冷徹旦那様との懐妊事情~御曹司は最愛妻への情欲を我慢できない~
寒さを感じて目が覚めた。
(あ……私、倒れちゃってたんだ)
辺りはすっかり暗くなっている。目を凝らして壁の時計を見ると午後六時三十分をさしていた。
三時間以上倒れていたことになる。
ゆっくりと体を起こしてみた。先ほど感じた眩暈は一時的なものだったのか、今はすっかり治まっていた。ただ体のだるさはある。
「もしかして病気なのかな?」
和泉と別れたあと、精神的にいっぱいいっぱいで体調にまで気を配っていられなかったけれど、近い内に病院に行って検査した方がいいかもしれない。

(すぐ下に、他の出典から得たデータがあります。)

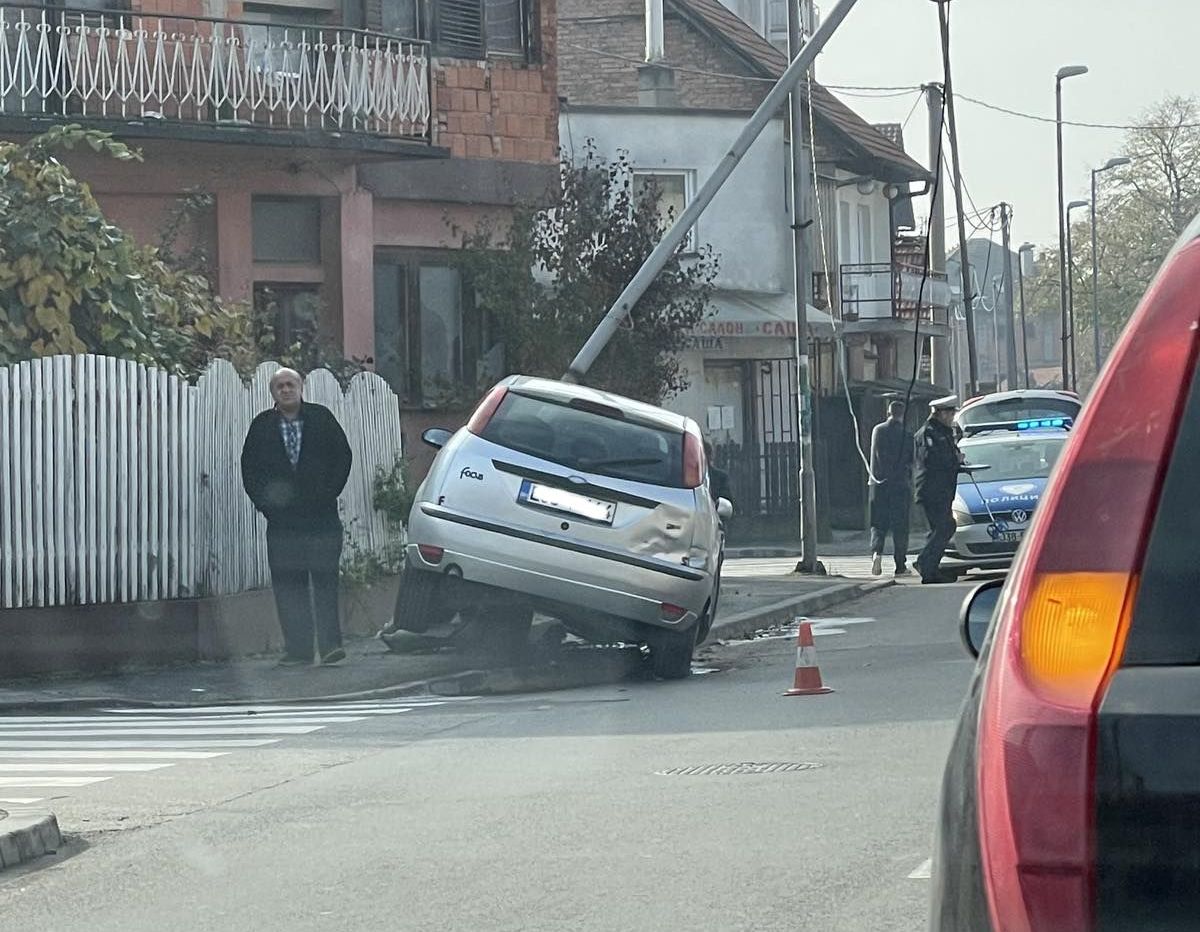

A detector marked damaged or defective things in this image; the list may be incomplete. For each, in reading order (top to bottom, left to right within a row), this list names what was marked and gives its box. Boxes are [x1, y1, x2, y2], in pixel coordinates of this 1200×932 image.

スケジュールを考えていると、部屋にノックの音が響いた。
「はい」
髪を手で整えながらドアに向かったが、辿り着く前にカチャリと扉が開いた。
「あ……」
入って来た人物を目にした奈月は動揺してその場に立ち尽くした。
(和泉……)
まさか彼が来るとは思わなかった。先ほどの冷たい態度を思い出し、自然と体が震えてしまう。
(また何か言われるのかも)
表情も強張ってしまったようで、それに気づいた和泉が眉を顰める。
彼は部屋を見回しクローゼットの前の荷物を見つけた。
「片付け中だったのか?」
「はい」
奈月は頷いた。次に何を言われるのかと不安が募る。
「少し話がある」
ああ、やはりと心が重くなった。昼間よりももっとキツイことを言われたら冷静でいられるか自信がない。
聞きたくないなんて言える訳はないけれど、怖かった。